Gore's grasp on Mideast issue shaky
By Gwynne Dyer
LONDON (JP): If this were a Victorian melodrama or a Russian novel, we would now have reached the point where one of the fallen hero's closest friends (Al Gore?) walks in, places a loaded revolver on the table, and tells him to do 'the honorable thing'. But even if Bill Clinton resigns, will it make much difference to the world?
It would give President Gore three years to establish himself in his own right before seeking re-election in November 2000. He could not achieve much in domestic policy because he would still face a hostile Congress (unless there is a miracle in this year's Congressional elections), but foreign policy would be wide open.
Right now, the White House's political influence abroad is at a fifty-year low. Post-Cold War Europe has less need of American help, and Asia, in the midst of a terrifying financial crisis, pays more attention to American moneymen than American politicians. Washington's own short attention span for African and Latin American issues (about ten minutes) limits its role there.
But the Middle East is different. It is less important than any of the other regions in terms of population, wealth, and resources, but the close American links to Israel plus the long- running psychodramas with Iraq and Iran give the Middle East a huge emotional importance in domestic American politics. This is where Gore could make a real splash.
At the end of the Gulf War in 1991, the United States was the sole and undisputed great power in the whole region, with huge influence in every state except Iran. The steep fall in American influence since then is mostly due to Clinton's paralysis on the core issue of an Israeli-Palestinian peace settlement. If Gore were to take a different line on that, it could all come back very fast.
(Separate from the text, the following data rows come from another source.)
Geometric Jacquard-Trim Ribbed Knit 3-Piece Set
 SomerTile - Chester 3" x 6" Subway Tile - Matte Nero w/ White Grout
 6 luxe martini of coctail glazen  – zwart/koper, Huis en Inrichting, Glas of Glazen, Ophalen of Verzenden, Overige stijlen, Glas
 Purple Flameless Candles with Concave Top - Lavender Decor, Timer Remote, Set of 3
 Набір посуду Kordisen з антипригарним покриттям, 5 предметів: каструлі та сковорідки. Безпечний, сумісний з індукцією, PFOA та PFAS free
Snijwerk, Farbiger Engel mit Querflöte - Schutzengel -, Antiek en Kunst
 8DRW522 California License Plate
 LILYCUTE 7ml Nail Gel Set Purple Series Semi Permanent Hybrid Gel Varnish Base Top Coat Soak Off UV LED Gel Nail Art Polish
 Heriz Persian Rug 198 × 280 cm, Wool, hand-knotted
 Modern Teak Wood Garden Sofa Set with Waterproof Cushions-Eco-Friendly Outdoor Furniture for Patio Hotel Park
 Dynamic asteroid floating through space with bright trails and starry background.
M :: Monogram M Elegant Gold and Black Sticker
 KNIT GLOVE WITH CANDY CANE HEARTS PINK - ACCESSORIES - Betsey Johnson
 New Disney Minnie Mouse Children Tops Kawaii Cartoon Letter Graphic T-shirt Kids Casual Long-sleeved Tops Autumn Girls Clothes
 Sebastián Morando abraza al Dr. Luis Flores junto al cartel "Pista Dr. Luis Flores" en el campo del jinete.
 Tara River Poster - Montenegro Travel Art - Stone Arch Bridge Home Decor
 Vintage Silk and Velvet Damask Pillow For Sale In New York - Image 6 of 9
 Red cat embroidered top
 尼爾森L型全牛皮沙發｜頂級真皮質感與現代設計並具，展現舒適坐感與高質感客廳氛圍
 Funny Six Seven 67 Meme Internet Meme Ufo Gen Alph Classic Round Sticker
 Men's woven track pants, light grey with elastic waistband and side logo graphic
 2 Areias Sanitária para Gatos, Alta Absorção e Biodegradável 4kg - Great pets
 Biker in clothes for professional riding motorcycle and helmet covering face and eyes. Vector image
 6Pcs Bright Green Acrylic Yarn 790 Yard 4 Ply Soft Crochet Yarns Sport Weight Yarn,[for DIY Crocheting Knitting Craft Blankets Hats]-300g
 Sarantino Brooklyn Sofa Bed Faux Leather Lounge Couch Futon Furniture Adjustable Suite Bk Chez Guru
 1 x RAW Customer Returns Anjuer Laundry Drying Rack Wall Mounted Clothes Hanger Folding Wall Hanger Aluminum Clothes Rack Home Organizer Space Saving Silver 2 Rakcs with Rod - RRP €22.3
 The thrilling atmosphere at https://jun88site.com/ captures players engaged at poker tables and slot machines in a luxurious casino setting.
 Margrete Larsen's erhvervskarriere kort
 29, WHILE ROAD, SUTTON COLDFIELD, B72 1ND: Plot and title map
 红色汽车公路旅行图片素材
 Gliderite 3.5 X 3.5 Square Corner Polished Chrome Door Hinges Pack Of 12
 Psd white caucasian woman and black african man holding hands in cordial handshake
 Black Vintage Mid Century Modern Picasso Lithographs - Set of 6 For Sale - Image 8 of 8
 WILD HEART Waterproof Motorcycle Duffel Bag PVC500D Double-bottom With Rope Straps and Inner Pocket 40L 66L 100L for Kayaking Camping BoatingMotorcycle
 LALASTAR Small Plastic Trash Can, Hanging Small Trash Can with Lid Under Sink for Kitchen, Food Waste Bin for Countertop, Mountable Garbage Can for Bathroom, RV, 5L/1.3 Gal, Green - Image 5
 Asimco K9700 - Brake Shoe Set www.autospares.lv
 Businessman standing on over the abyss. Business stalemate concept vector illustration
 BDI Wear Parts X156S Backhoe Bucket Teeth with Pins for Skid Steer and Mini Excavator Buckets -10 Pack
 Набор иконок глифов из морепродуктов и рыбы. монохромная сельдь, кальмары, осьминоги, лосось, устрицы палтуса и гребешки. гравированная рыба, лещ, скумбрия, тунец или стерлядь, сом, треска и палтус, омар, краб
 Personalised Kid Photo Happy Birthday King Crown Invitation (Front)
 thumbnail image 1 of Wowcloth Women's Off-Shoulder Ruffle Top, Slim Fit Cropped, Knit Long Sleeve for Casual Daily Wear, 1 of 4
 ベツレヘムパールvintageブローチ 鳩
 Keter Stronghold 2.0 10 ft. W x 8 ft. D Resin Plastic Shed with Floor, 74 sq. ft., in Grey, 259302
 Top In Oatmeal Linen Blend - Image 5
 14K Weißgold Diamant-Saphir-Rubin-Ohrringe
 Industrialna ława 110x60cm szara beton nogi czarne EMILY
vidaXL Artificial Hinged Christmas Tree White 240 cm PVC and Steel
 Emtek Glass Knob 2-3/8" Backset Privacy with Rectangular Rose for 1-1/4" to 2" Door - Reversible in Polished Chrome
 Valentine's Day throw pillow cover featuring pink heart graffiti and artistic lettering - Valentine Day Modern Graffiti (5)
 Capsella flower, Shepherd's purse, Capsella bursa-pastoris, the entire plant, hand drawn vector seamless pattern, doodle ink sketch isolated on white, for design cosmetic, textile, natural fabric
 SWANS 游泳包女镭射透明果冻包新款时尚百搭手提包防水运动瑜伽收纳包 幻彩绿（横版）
Gore's first post-Clinton decision would not be on Arab- Israeli affairs, however, but on Iraq.
At the moment it's all still bluff and bluster: "There'll be one final round of diplomacy, and then an ultimatum, and then we act," said a U.S. National Security Council official on Jan. 24, predicting an early military strike against Iraq. Getting into the spirit of the occasion, the Iraqi newspaper Babel (owned by Saddam Hussein's son Uday) replied: "To turn attention away from his personal scandal, it is not farfetched that Clinton would undertake a military stupidity against Iraq."
And sure enough, there was Bill Clinton on television two weeks ago warning Americans: "Think how many people can be killed by just a tiny bit of anthrax...It's not just that Saddam might put it on a Scud and send it to the city he wants to destroy. Think about all the terrorists and other bad actors who could parade through Baghdad and pick up their stores if we don't take action."
If you can't win the argument, change the subject. But an attack on Iraq is now such an obvious diversion, so heavily discounted in advance, that it unlikely to happen under Clinton: 'Zippergate' protects Saddam Hussein. Whereas Al Gore could order the same strikes against Iraq and reap enormous political credit domestically. Nor would he necessarily pay a big price elsewhere.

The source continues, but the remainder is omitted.